Vielen Dank erstmal für eure Antworten. Die gehen ja durchaus in sehr unterschiedliche Richtungen. Genau so zerrissen fühle ich mich!
Auf einige der Fragen will ich versuchen zu antworten.
Zitat:Wie alt sind denn die Kinder?
Der Große ist 10, meine Tochter 7. Und wenn ich das sagen darf, beide sind soweit gut gelungen. Das soll natürlich weiter so bleiben. Das geht ganz sicher auch für Scheidungskinder, aber in jedem Fall erfordert es einiges (egal ob getrennt oder nicht), irgendwie ist Kindererziehung ja auch Arbeit. Neben dem Verlust, nicht mehr so viel am Leben der Kinder teilzuhaben finde ich es auch unfair, mich aus der Erziehung einfach so zu einem großen Teil raus zu stehlen. Immerhin waren die Kinder unsere gemeinsame Entscheidung.
Zitat:Es ist immer dasselbe: du wirst leiden unter dem, was du zerstört hast.

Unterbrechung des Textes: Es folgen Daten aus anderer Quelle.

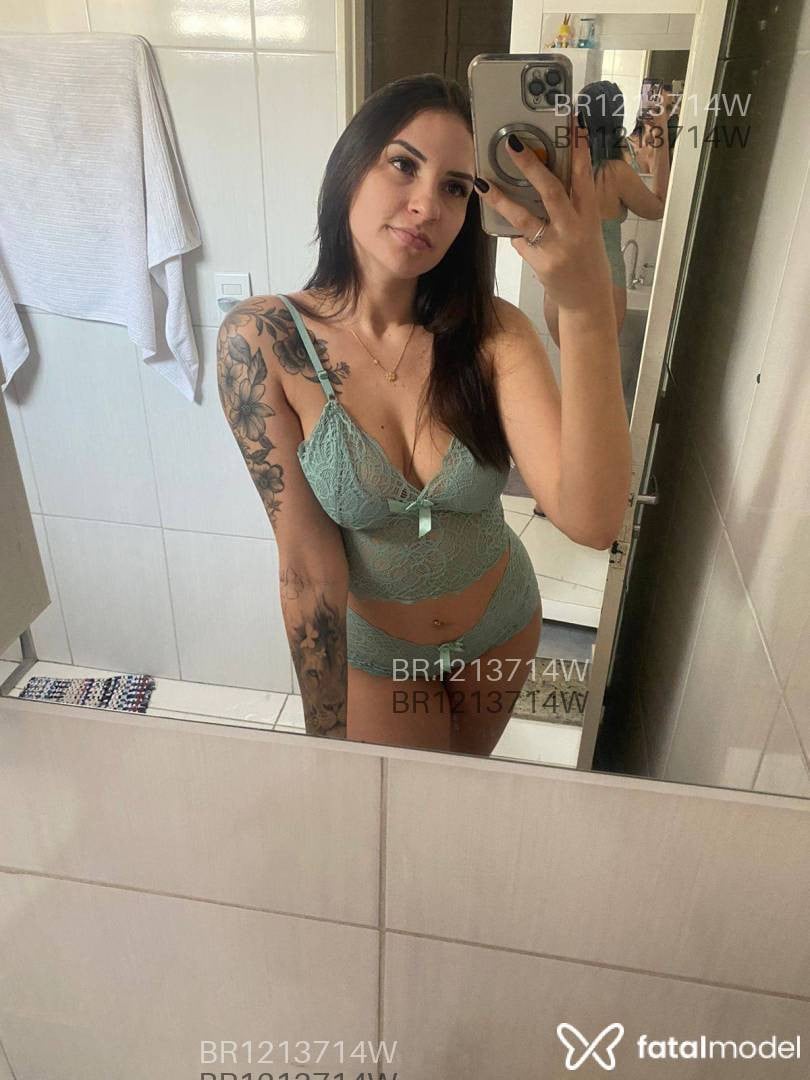 Acompanhante mulher com cabelo castanho de olhos castanhos em Goiânia - Lívia Fernandes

Ist das so? Habe ich auch gedacht. Aber ich habe viel hier im Forum gelesen und bin überrascht, wie viele dann doch glücklich werden. Sieht man u.a. an den vielen Ex-Partnern, die noch nach Jahren auf eine Rückkehr hoffen, obwohl diese aufgrund der immer noch funktionierenden, neuen Beziehung unwahrscheinlich erscheint.

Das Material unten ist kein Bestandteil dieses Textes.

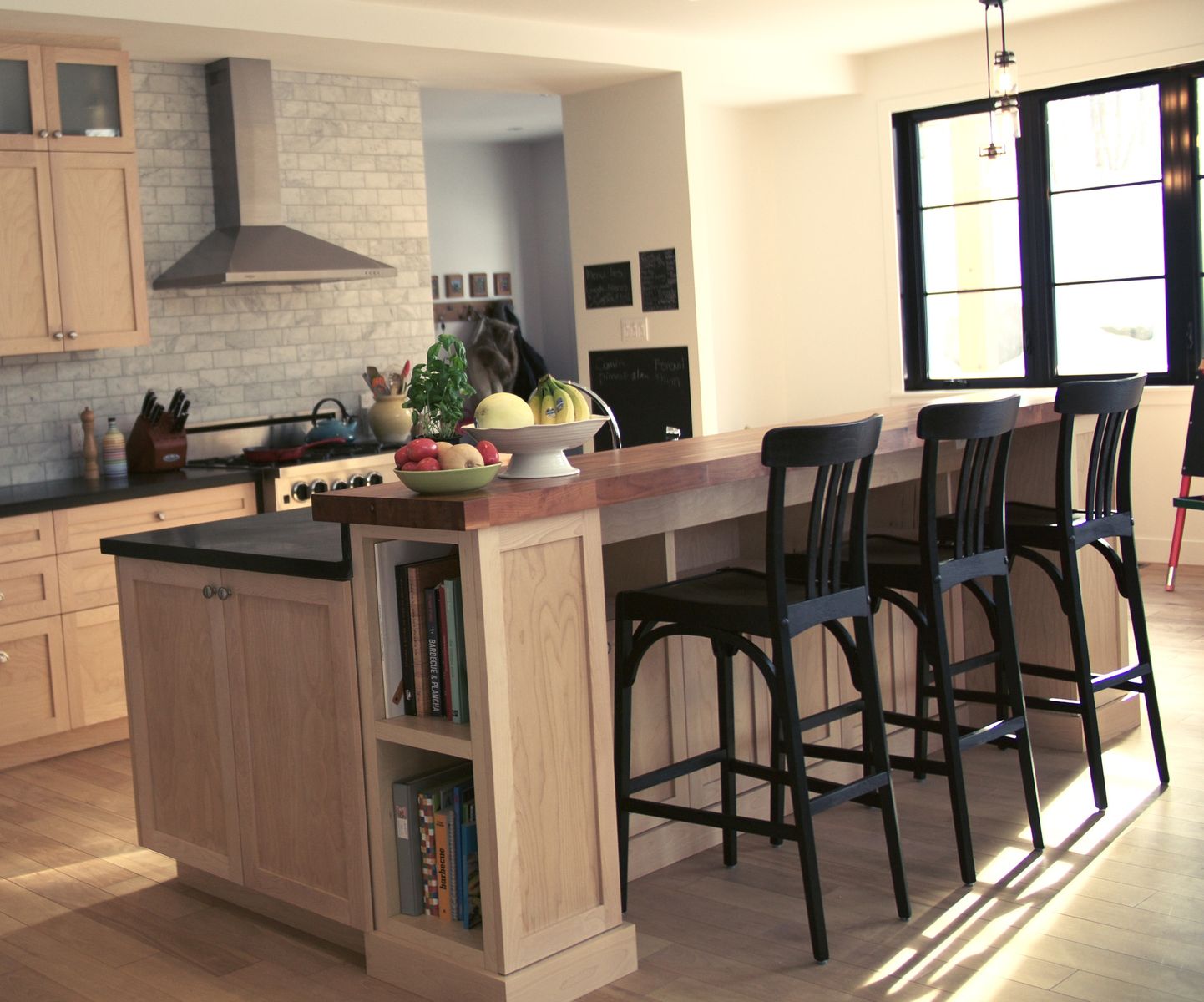 Kitchen from a Single family homes project near Saint-Jerome (Laurentides) by À l' Aube - Design Studio & Kitchen Specialist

Zitat:Du hast die Kinder gezeugt, bist verantwortlich für ihre Existenz und ihr Wohlergehen.
Die Kinder unglücklich zu machen, damit du glücklich bist, ist mehr als egoistisch.

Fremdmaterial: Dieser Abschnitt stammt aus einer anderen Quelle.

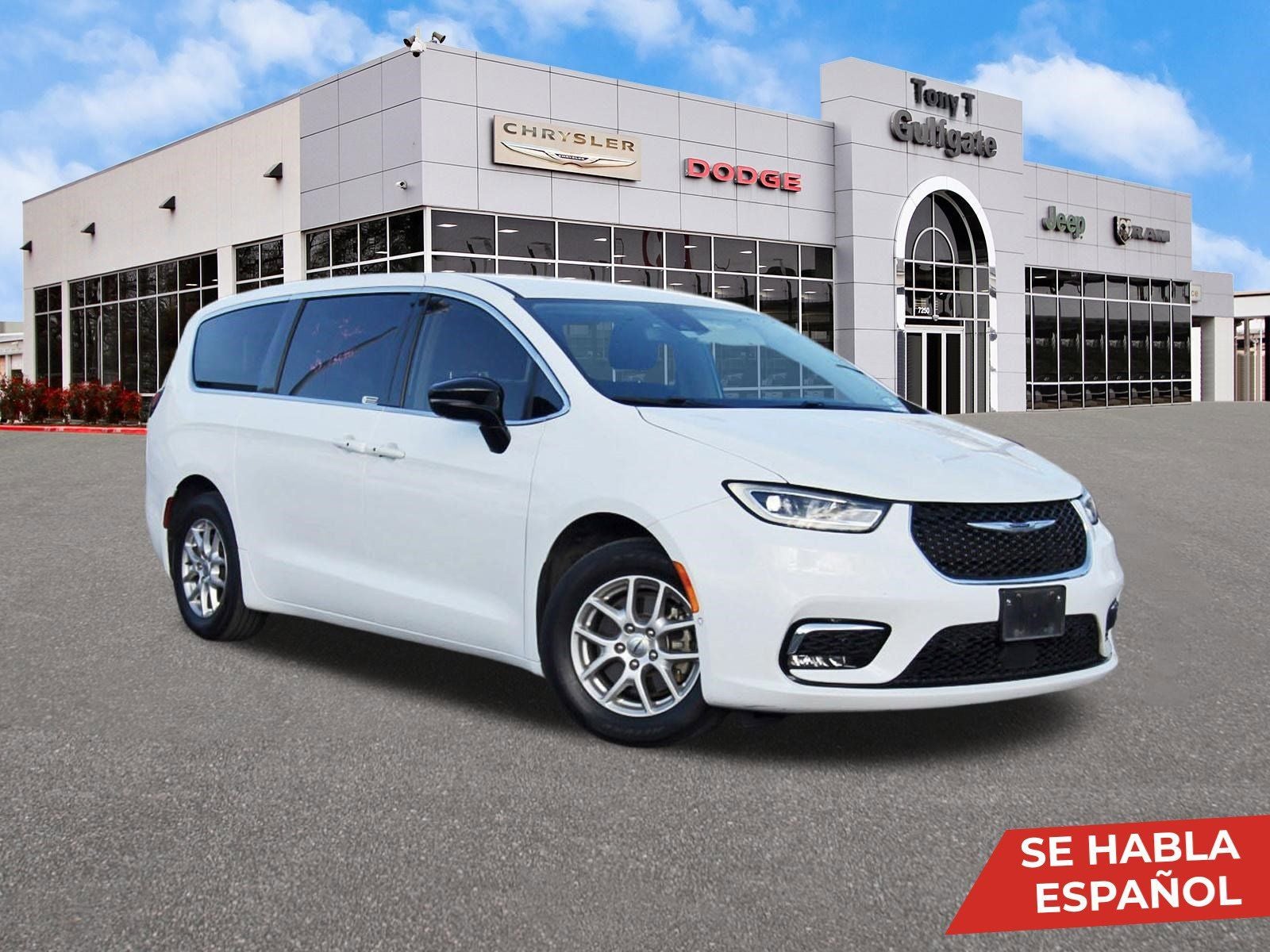 2024 Chrysler Pacifica Touring L in Bright White Clearcoat — front three-quarter view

Sehe ich ja durchaus genauso. Aber ich bin so hin und her gerissen. Weil es sich einfach auch wieder gut anfühlt "zu leben". (diesen Ausspruch habe ich hier im Forum mehrfach gelesen und er beschreibt meine Gefühlslage diesbezüglich sehr gut)
Zitat:Das liest sich, als hättest du psychische Probleme, zB Depression. Ist dem so?
Du schreibst, insbesondere wegen der Alltagsprobleme vermutest du das. Nein, das habe ich sicher nicht. Klar, durch die Arbeit habe ich aktuell viel Stress. Aber eigentlich bin ich in unserer Ehe eher der psychisch stabilere und meine Frau kann manchmal etwas labil sein. Erstaunlich, dass sie das gerade so stark mit macht. Dabei ist es sicher keine leichte Situation für sie.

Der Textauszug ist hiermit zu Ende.